The effects of chemical composition of fines and nanoparticles on inhibition of formation damage caused by fines migration: Insights through a simplex-centroid mixture design of experiments

Abstract

Fines migration in the reservoir can leads to damage associated with the mobilization of particles and their posterior accumulation in throat pores, producing obstructions in the flow of fluids, resulting in a decrease of reservoir permeability. An emergent alternative to solve this issue is the use of nanoparticles/nanofluids due to their physicochemical properties that can favor the trapping capacity of fines. Hence, this experimental work aims to evaluate the chemical nature effect of different fines and their respective interaction with three kinds of nanoparticles used in specialized literature for formation damage. In this work was emulated experimentally the retention phenomena through a packed sand bed treated with the different nanofluids and then assessed with the suspension of the fines. The sand beds were prepared with Ottawa sand in two ways: water-wet and sand restored to reservoir wettability (oil-wet). The sand beds were soaked with the specific nanofluids which were with deionized water as carrier fluid for the nanoparticles of iron, silica, and alumina at a dosage of 0.01% in a mass fraction respectively. The suspension of fines was constituted by quartz, kaolinite, illite, at a dosage of 0.2 wt%; the chemical nature was based on an average composition of a Colombian field.

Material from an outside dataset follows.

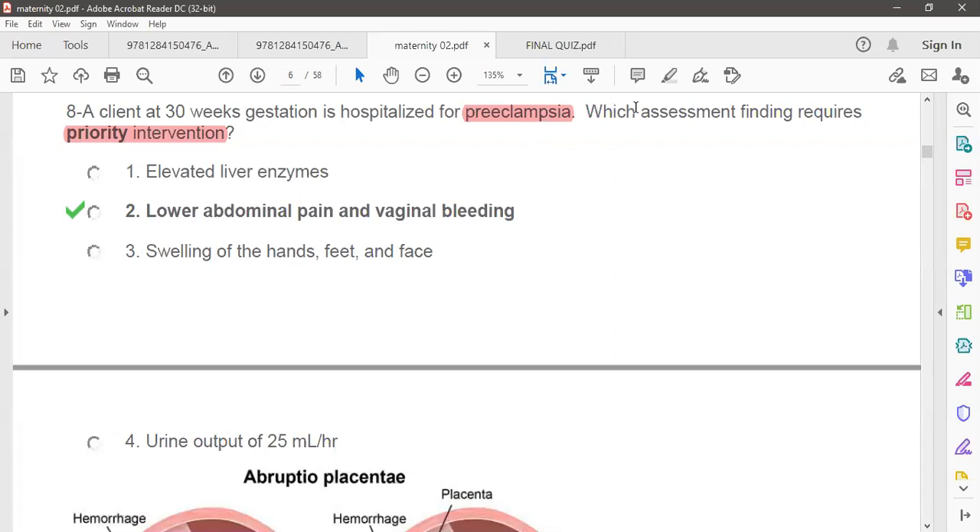So which assessment findings require the priority of intervention? First, elevated liver enzyme is important. One complication patients can develop is HELLP syndrome. In HELLP syndrome, the patient develops elevated liver enzymes. Let me also read the other options.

The Adams-Bohart, Thomas, and Wolborska models were used for describing the results of breakthrough curves. The beds treated with alumina nanoparticles at 0.01 wt% presented a higher capacity to retain and stabilize the Kaolinite fines, increasing the retention capacity up to 50%. The results agree with the total energy interaction of the fines-nanoparticles system reported for alumina nanofluids. Additionally, critical rate tests at reservoir conditions were performed, obtaining successful results by the increasing of critical rate by more than 50% for water and oil flow velocities in comparison to the untreated system. In this sense, this work presents a comprehensive analysis of selectivity of fines-nanoparticles couples through the design of the optimized experiment, focused on selecting select the best nanofluid treatment for the problem of fines migration.